Data shown:
BEGIN

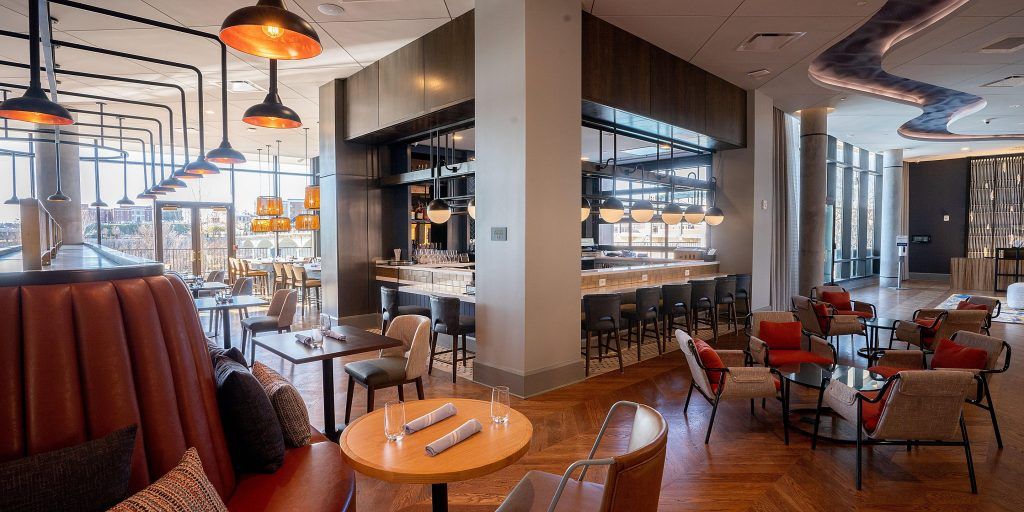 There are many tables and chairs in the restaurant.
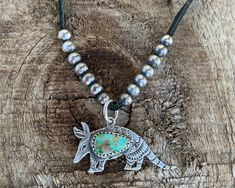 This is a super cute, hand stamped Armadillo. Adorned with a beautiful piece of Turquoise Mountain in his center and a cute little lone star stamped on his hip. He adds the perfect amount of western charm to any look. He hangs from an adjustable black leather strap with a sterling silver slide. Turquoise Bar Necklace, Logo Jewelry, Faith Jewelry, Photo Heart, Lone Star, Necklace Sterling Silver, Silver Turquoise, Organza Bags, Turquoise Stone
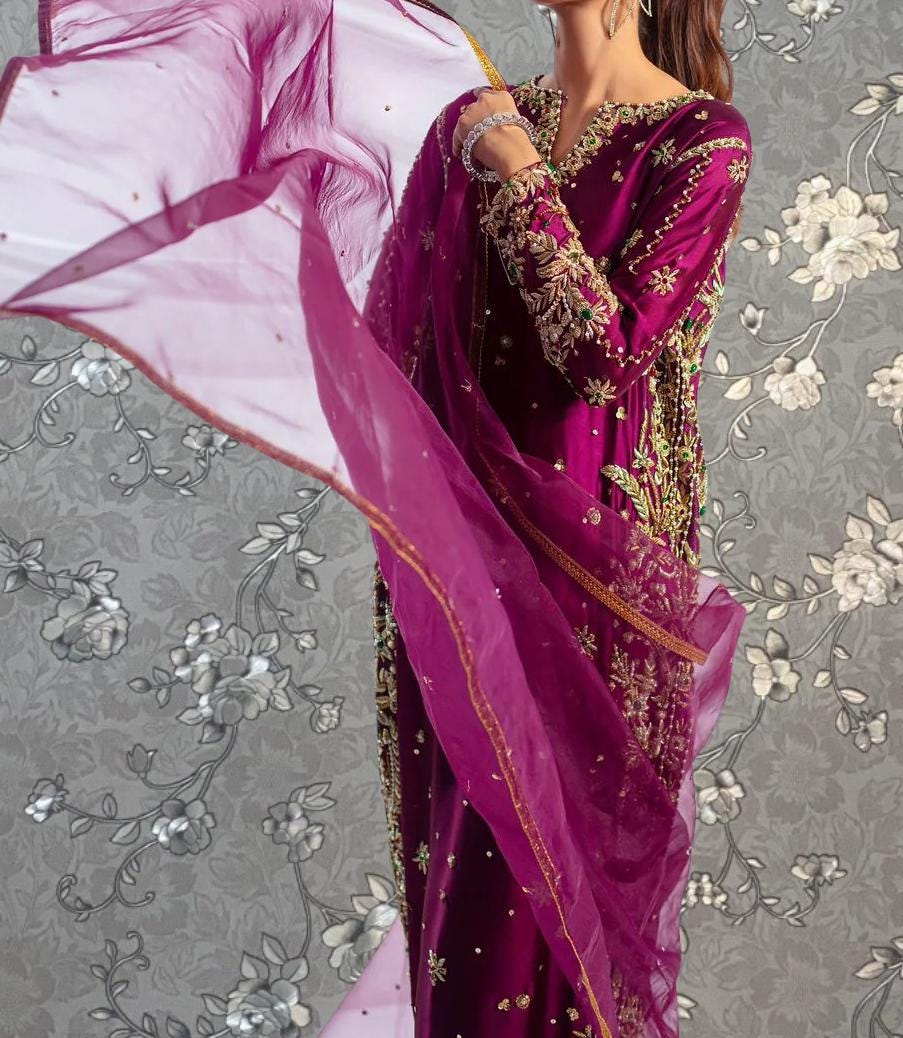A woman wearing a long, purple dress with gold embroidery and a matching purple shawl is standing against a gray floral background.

END
BEGIN

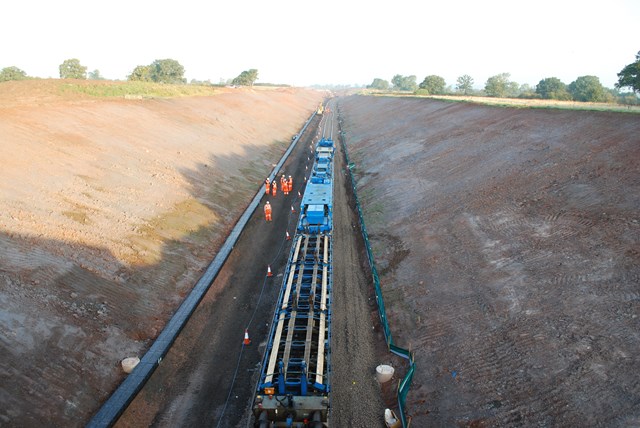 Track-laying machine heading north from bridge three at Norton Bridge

END
BEGIN

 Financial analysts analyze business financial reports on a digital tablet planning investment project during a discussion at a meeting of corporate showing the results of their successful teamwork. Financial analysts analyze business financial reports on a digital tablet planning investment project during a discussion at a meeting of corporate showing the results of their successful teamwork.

END

Requirement:
Taking the records above, print only and exactly the lines from the line with "There are many" to the line with "A woman wearing", both kept, and exclude pictures.

Exercise solution:
 There are many tables and chairs in the restaurant.
 This is a super cute, hand stamped Armadillo. Adorned with a beautiful piece of Turquoise Mountain in his center and a cute little lone star stamped on his hip. He adds the perfect amount of western charm to any look. He hangs from an adjustable black leather strap with a sterling silver slide. Turquoise Bar Necklace, Logo Jewelry, Faith Jewelry, Photo Heart, Lone Star, Necklace Sterling Silver, Silver Turquoise, Organza Bags, Turquoise Stone
A woman wearing a long, purple dress with gold embroidery and a matching purple shawl is standing against a gray floral background.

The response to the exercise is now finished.